個人はことごとく遮られている現実を識るために、
そして、
それと絶縁するためのテクノロジーを習得する前に。

正常化する技術

秩序で正常化させる技術は
メディアの内部、学校や国会で使われる。

権力による正常化のノウハウは
役所や工場、オフィスなど至る所で
もっとも平均的な思考力とともに
定着する。

メルトダウンを隠蔽する技術は
それを公開する技術よりも優れていたが
メルトダウンを正常化する技術は
時間以外に存在しない。

復興資本主義

大規模な復興の実態とは
耐震設計以前の構造救済の形態が
構造の貧困化の最大の原因であり
あらゆる生産的で安全な空間構造への
法律的な漸進的固定化によってもたらされる
固体的構造の緩慢な死は
つまり、40年以内だ。

リセットしない復興システムの
緩慢な死こそ
復興資本主義の強欲な形態でもある。

非再生的な固体

なぜなら、「宇宙には固体は存在しない。

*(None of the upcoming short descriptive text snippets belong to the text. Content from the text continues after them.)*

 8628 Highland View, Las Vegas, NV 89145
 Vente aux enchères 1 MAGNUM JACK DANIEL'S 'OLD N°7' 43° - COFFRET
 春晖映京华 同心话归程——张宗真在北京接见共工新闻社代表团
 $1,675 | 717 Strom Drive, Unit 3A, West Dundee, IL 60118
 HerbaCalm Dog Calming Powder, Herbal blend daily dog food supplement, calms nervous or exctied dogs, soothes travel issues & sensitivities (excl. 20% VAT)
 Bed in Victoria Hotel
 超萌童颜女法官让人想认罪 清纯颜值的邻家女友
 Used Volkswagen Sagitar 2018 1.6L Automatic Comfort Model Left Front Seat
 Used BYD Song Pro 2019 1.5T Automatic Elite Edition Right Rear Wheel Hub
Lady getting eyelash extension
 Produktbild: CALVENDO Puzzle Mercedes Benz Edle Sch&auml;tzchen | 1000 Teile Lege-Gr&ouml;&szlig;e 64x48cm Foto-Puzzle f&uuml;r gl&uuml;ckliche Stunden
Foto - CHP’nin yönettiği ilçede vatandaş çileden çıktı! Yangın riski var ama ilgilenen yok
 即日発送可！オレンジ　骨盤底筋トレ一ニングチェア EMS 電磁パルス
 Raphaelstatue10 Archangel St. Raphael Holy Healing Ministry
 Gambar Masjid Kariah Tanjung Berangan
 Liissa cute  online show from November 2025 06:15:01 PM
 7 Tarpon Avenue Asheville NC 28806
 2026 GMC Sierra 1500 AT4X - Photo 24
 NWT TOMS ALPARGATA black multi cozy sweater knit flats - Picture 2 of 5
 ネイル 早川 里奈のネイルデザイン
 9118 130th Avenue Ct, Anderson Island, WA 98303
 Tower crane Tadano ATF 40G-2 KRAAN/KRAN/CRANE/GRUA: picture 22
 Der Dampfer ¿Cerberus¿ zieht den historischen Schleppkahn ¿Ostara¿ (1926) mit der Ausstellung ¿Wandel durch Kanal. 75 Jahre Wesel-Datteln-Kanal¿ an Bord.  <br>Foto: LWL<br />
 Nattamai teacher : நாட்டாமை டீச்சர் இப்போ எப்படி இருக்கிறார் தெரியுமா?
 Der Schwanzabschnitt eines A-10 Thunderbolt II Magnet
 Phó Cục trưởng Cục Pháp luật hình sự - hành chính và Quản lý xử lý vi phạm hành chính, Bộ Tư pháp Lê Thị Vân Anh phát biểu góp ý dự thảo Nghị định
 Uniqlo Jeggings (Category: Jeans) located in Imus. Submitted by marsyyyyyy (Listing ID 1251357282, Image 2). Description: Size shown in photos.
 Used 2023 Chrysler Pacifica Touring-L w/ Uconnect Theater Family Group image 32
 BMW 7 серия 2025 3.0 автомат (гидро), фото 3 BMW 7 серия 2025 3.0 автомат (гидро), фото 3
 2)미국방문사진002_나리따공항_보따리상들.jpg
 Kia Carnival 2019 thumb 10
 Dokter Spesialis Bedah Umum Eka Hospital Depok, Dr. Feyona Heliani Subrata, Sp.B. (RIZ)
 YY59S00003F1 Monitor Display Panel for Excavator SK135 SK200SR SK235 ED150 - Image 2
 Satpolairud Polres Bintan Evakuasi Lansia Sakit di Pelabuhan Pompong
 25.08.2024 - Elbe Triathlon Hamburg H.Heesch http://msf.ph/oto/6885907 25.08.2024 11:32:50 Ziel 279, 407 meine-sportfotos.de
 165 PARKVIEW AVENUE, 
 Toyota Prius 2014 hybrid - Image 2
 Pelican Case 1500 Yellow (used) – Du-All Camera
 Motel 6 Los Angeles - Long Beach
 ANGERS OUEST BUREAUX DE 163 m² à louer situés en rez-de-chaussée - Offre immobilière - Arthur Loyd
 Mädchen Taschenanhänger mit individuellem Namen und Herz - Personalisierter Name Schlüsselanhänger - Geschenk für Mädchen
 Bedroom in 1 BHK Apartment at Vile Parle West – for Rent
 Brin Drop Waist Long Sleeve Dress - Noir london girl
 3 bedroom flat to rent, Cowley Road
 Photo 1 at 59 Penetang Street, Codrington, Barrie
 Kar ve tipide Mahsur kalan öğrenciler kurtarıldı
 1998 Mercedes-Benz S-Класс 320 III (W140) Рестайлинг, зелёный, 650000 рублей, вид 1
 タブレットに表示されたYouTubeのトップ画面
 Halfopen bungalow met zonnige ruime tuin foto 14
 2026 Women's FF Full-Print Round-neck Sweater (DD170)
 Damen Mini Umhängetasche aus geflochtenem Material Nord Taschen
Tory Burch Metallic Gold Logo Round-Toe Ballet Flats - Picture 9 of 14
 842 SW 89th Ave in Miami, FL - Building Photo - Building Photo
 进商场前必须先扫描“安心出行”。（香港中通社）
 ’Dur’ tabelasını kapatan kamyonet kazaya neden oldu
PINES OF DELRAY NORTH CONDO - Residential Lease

」RBF
そして、固体物理学も存在しない。

固体(solid)という概念が
防波堤やビルディングの強度と剛性に対する
願望を存在させているのである。

短命な固体こそ、分子的に変化し崩壊している。

実際、その寿命は実質40年間であり
非再生的で短命である。

無秩序の秩序化

「防潮堤は景観だけでなく目の前の津波襲撃を
ブラインドする凶器の遮蔽壁となった」

津波に対する防波堤は
土木工事で富を稼ぐための
コンクリート(=固体的)な思考そのものである。

セメントで凝固させた硬化物(コンクリート)は、
無秩序の秩序というものを
分子的なレベルで組織してきた。

その無秩序な防潮堤は都市を取り巻いている。

無秩序の秩序化は
権力テクノロジーの基本的な方法論である。

防潮堤ほど、権力テクノロジーによる非構造化を
視覚化している高価な固体はないだろう。

共振する構造

3mの高さから落下させて、
バウンドして、その衝突のエネルギーによって
なおも共振しながらもさらにバウンドして
その衝撃をより短期間に減衰していく過程で
テンセグリティをより構造化する構造モデルは
そのシナジーの全体性を記述することの不可能なモデルであり、
その共振という現象を回避することの不可能な最初の構造である。

固有の周波数の電磁波と原子核が相互作用するように
われわれの生命を保護するための
共振する構造として。

よりコンクリートな構造

コンクリート(concrete)は
もはや凝結した固体的な物質観に支配された言語の一つである。

語源的には、<concretus(con-共に+crescere成長する>
成長過程を意味している。
そして、有形な明確な具体性を意味しはじめたのである。

テンセグリティ以上に構造を
張力と共に成長過程に曝す
つまり、より構造を<コンクリート>にするシステムは存在しない。

テンセグリティは、非固体的で圧縮材と張力材が
ついに凝結しない
永遠に動的に共存するコンクリートな構造である。

テンセグリティは、
間違って凝結した
われわれの言語を砕くために発見されたのだ。

構造をより構造化するシステム

壊滅された都市を復興させるのは
破壊される前の記憶である。

構造は最近の発見である。
構造は空間に関する知で継承された
古典的な問題でも最優先的な問題でもなかった。

構造をより構造化するシステムは、
構成部材の強度や剛性から到達できない
重さのない統合性なのだ。

構造をより構造化するシステムは
最近まで未知(unknown)であった。

真の構造を通過するエネルギーは
構造をより強化するように機能するノウハウを
人間はついに想像できなかった。

構造を通過するエネルギーと専ら闘っているだけである。